Software Generated Word Ladder Puzzles - Web App

Wednesday, January 12, 2022

Table of Contents

word-ladders.gif

Figure 1: Demo

Overview

This web app generates word ladders and asks the user to solve them within a maximum number of steps. The puzzles are generated by the server in response to a request and stored in session data. At a high level, the word ladder puzzles are generated by

  1. making a random word ladder using the 5000 most common English words
  2. finding the shortest path between those first and last words in the ladder using only the 5000 most common English words

The length of this shortest path determines the maximum number of steps for the user to solve the puzzle.

Additional Features

  • Signup, Login/Logout, Edit/Delete Account
  • History of a user's previous solutions
  • Leaderboard

Technologies Used

The backend for the Web App is written in Ruby and uses Sinatra, ERB, and a PostgreSQL database.

Gameplay

User input steps are considered valid if

  1. there is one letter of difference between the step and the previous step
  2. and the word can be found among the 200,000 most commonly used English words.

Examples:

buy => buys: valid
buy => bus: valid
buy => busy: valid
busy => buoy: valid
has => as: valid
use => bus: invalid
abuse => bus: invalid

Generating Puzzles

I parsed the data from a csv file of 5,000 most commonly used English words into a graphical representation of the data, which I then serialized to a YAML file so that my ruby code can more efficiently recreate it. Each vertex in the graph represents a word. The neighbors of every vertex in the graph are the vertices whose word is "adjacent" to the word stored by the vertex.

graph.svg

Figure 2: "The" and its neighbors.

Among my 5k words, it is possible find two words between which there simply is no path. So in order to not waste time solving for the shortest path between two words for which no path exists, my program first creates a ladder randomly.

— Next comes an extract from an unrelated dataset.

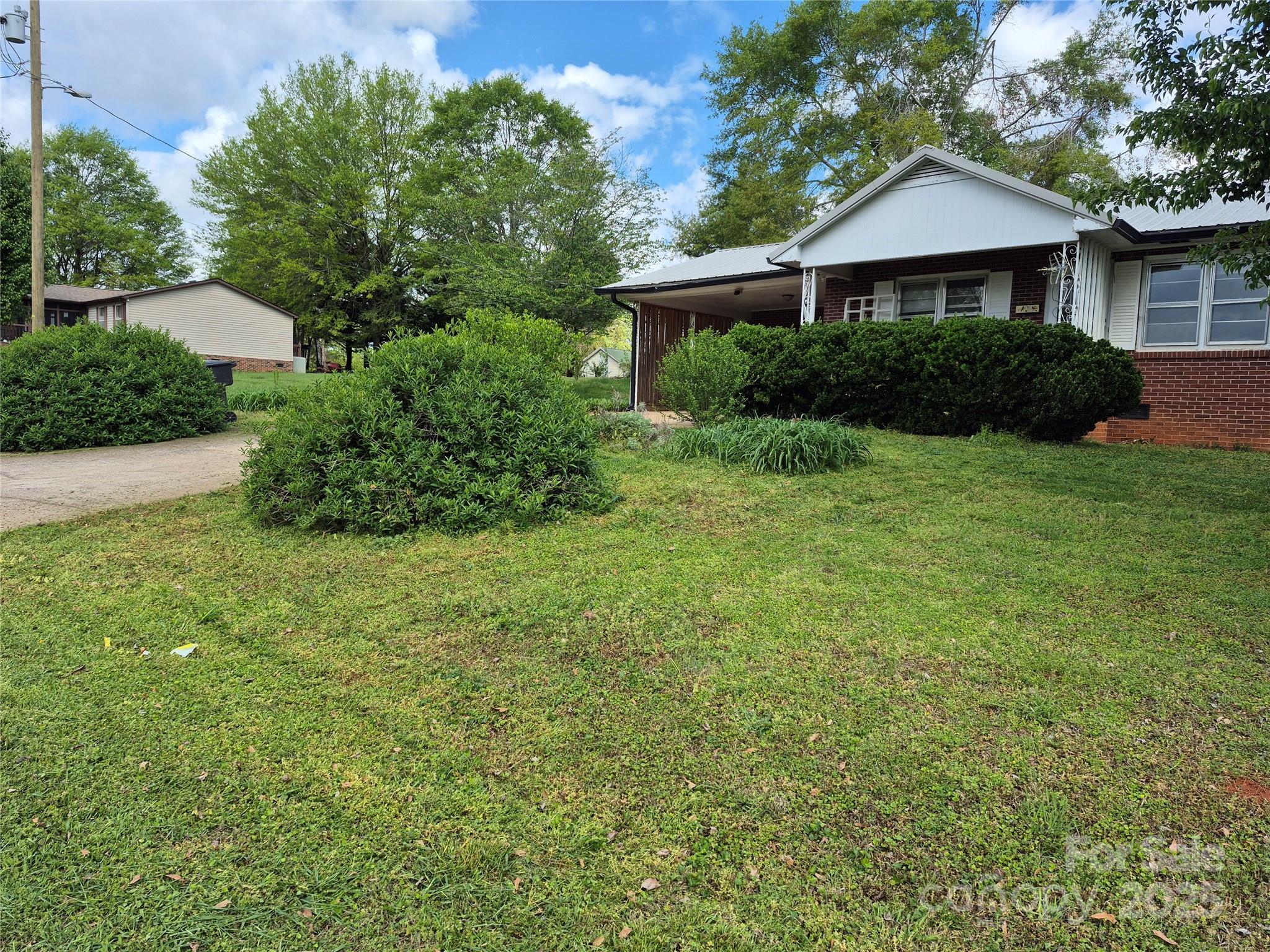 367 Poplar Street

Then, my program takes the first and last words from the random ladder, ignores the rest, and attempts to find the shortest path between them using a breadth first search of the graph. If it takes too long, (if the queue is getting too long) it will inform the calling method which will try again with an entirely new random word ladder.

class Vertex
  #...
  def traverse(end_point)
    return [self.data, end_point.data] if self.neighbors.include? end_point
    ​
    queue = [[self]]
    while (queue.length != 0)
      if queue.length > 1_000_000
        return :timeout
      end
      path = queue.shift
      node = path[-1]
      return path.map { |n| n.data } if node == end_point
      ​
      node.neighbors.each do |neighbor|
        next if path.include?(neighbor)
        new_path = path.dup
        new_path << neighbor
        queue.push(new_path)
      end
    end
  end
  #...
end

Open Issues

I decided to use 5,000 words after some amount of trial and error. With larger word sets, it takes longer and longer to deserialize the graph. I would like it be able to make use of a broader vocabulary, and I have some ideas for how to make that happen. Although there are probably a variety of ways I could improve the speed of generation of puzzles (multithreading, for instance), I think the best solution is to make it a non-issue by caching previously generated word ladders and reusing them. The reason I haven't done that already basically comes down to the fact that I wanted to get the app up and running, and caching previously generated word ladders introduces some complexity I didn't want to deal with just yet. But that would be the next step.

Caching previously generated puzzles opens up a number of possibilities such as:

  • displaying other user's solutions for the same puzzle
  • ranking puzzles based on quality/difficulty
  • Algorithmically determining which puzzle to show the user
  • Massively broadening the vocabulary of the word set

I have some plans to make the puzzles more conceptually interesting by making them out of conceptually related words rather than just random, but that requires a greater vocabulary first.

Another issue is that the leaderboard is too simplistic. It only measures the number of puzzles a user has solved. There's no extra credit for getting a puzzle in fewer steps, solving a puzzler faster, solving a harder puzzle, etc….

Date: 2022-01-12 Wed 00:00